La première chose que j’ai comprise est que, contrairement à mes amis, presque tous les aspects de ma vie ont été touchés par la pandémie. J’ai perdu mon emploi pendant 10 mois, pendant que leurs emplois sont restés intacts. À cause de cela, mes finances sont aussi devenues précaires en ayant seulement un revenu minimal pendant une longue période de temps et, encore aujourd’hui, en étant seulement de retour au travail à temps partiel pour je ne sais combien de temps encore. Ma vie amoureuse fût aussi touchée, en ne pouvant plus vraiment rencontrer de nouvelles personnes puisque je choisissais de voir mes amies plutôt que de rencontrer un étranger. Presque toutes mes amies sont dans des relations, donc c’était plus difficile pour elle de comprendre. Elles avaient leurs défis aussi, étant maintenant 24/7 avec leur partenaires, mais c’était des défis différents, auxquels je ne pouvais pas m’identifier.
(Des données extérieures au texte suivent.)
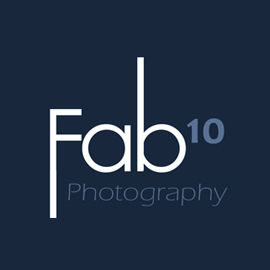 Fab10 Photography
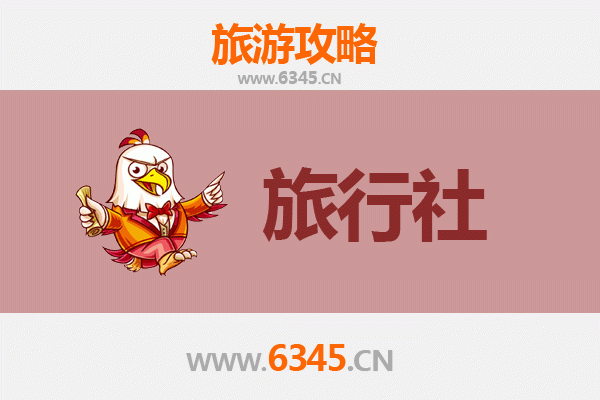 黄南尖扎旅行社精选推荐：解锁圣境坎布拉与藏地文化深度体验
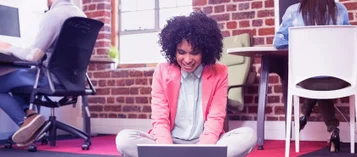 Empresa ME: Guia completo sobre a microempresa! thumbnail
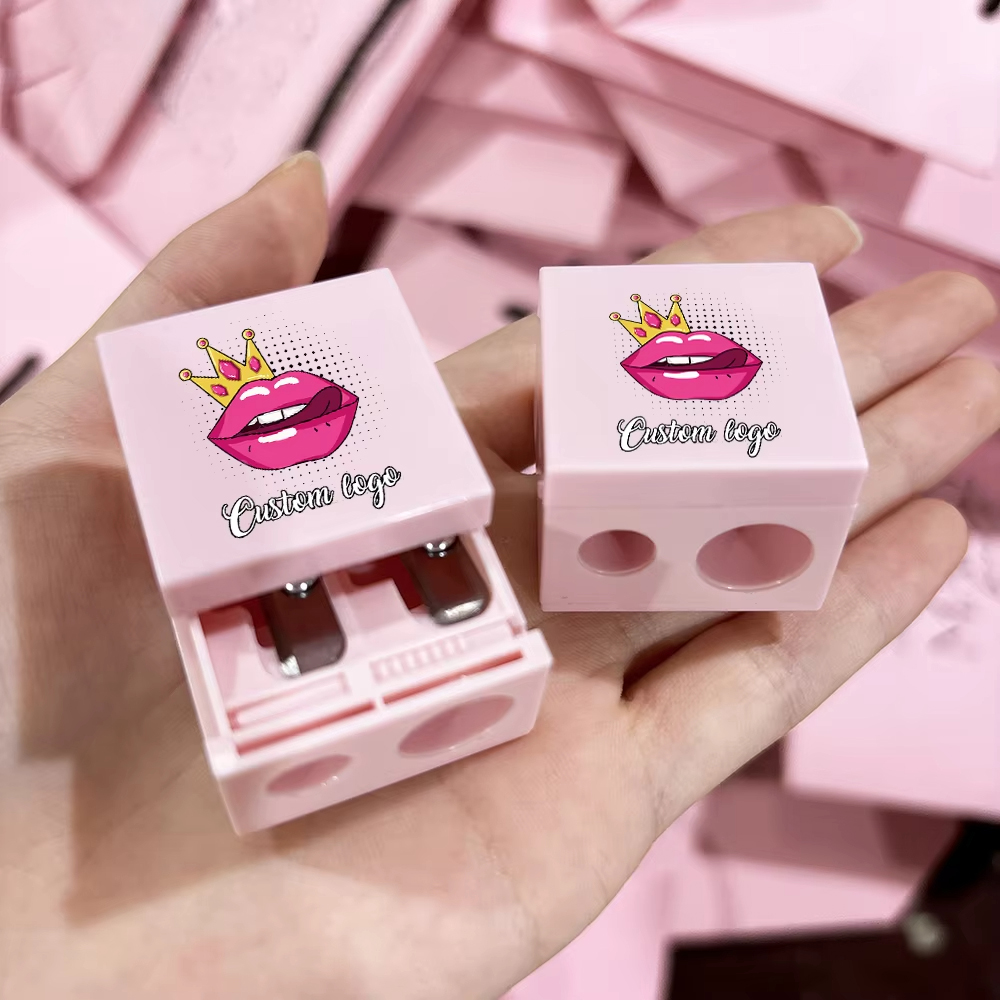 50 unidades al por mayor, saca - Lip Liner Pencil reseña y precio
Leurs projets de vie n’ont pas été autant touchés. Acheter une maison/condo, adopter un chien, avoir des enfants… elles ont pu continuer leurs grands projets de vie comme à la normale. Dans mon cas, étant célibataire et les voyages étant ma priorité de vie, tout a été chamboulé, puisque je ne pouvais plus faire la seule chose qui me passionne réellement et qui me fait sentir vivante. C’était coup, après coup, après coup, et je me sentais tellement seule. Je sais que c’est un concours de circonstances et qu’il y a des gens dans des situations bien pires que la mienne, mais lorsque tout ton entourage vit quelque chose de complètement différent, ça te fait sentir prise et seule.
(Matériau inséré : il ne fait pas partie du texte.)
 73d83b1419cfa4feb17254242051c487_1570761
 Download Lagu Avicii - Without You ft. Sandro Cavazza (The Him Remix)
Comprenez-moi bien, je ne m’apitoie pas sur mon sort. Pendant cette pause forcée, j’ai trouvé de nouveaux projets. J’ai pris des cours en ligne, j’ai commencé à apprendre une nouvelle langue, j’ai lu beaucoup de livres, etc. Ça m’a aussi permis de faire beaucoup de travail sur moi-même et de réfléchir à ce que je veux réellement dans la vie. Je suis reconnaissante pour ça. Tout ce que je dis, c’est que je me suis sentie seule dans ces défis, puisque personne autour de moi ne pouvait réellement comprendre.
Il y a aussi un autre aspect à cette solitude que j’ai pu mieux comprendre. Je suis tombée sur cet article du journal The Independent, qui décrit exactement comment je me sens. J’ai besoin de contact humain physique. Non, je ne veux pas dire par là du sexe nécessairement, c’est plus large et plus subtil que ça. Comme ils le décrivent dans l’article, c’est plus comme une « soif de peau » ou un « manque d’affection », ce qui expliquerait pourquoi aller prendre des marches avec des amies ne remplit pas ce besoin. L’article m’a fait réaliser à quel point on a plusieurs contacts physiques subtils dans notre vie en temps normal, que ce soit une poignée de main au bureau ou se faire la bise lorsqu’on va souper chez des amis. Dans mon cas, ça fait des mois que quelqu’un m’a touchée. Je ne fais pas de câlin à mes parents puisque je prends des marches avec des amies et je ne fais pas de câlins à mes amies puisque je vois mes parents. On ne réalise pas comment ce manque de contact humain peut avoir un impact sur notre santé mentale avant de le vivre. Et j’y ai définitivement eu un bon aperçu de ce que ça peut faire.
Aujourd’hui
J’apprends toujours comment surmonter ce sentiment. Je m’assure de prendre du temps pour m’écouter et d’accueillir ces émotions lorsqu’elles viennent. Je me rappelle que c’est temporaire et que tout finit par passer. Parfois, c’est encore difficile de voir le bout, mais c’est un bon défi pour l’esprit. Quand ça me frappe, je travaille à changer mon état d’esprit vers le positif… jusqu’à la prochaine vague. J’espère qu’au fur et à mesure que je deviens meilleure à surmonter les vagues, elles seront de moins en moins forte et viendront de moins en moins souvent. Entre temps, je suis déterminée à relever le défi.